____ Supplied information

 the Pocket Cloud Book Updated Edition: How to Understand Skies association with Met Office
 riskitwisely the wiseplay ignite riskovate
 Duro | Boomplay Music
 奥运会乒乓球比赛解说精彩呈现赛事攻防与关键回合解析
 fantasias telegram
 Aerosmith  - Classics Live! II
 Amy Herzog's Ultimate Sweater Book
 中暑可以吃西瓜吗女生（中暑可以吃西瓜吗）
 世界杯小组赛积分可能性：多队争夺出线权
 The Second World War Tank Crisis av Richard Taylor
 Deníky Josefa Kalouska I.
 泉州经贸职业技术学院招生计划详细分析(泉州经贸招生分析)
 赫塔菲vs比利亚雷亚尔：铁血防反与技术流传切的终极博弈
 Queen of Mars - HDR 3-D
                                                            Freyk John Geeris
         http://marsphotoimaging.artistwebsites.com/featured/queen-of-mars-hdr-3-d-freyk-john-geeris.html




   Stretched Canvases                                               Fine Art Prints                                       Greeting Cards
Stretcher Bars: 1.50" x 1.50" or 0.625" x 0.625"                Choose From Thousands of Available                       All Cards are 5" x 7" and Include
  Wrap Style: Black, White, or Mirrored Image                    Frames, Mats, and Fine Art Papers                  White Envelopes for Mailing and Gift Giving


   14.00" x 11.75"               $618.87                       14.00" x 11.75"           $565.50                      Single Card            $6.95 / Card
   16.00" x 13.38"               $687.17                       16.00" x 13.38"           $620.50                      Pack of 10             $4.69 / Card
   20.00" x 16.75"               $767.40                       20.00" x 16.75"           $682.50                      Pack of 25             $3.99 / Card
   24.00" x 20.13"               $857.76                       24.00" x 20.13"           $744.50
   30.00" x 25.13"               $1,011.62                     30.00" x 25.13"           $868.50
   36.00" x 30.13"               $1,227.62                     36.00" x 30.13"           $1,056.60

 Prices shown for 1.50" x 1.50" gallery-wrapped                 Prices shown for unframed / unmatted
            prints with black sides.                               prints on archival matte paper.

________

**What to work on:**
Check every line of the data above for the string "Book", and copy those that have it.

**Solution to this exercise:**
 the Pocket Cloud Book Updated Edition: How to Understand Skies association with Met Office
 Amy Herzog's Ultimate Sweater Book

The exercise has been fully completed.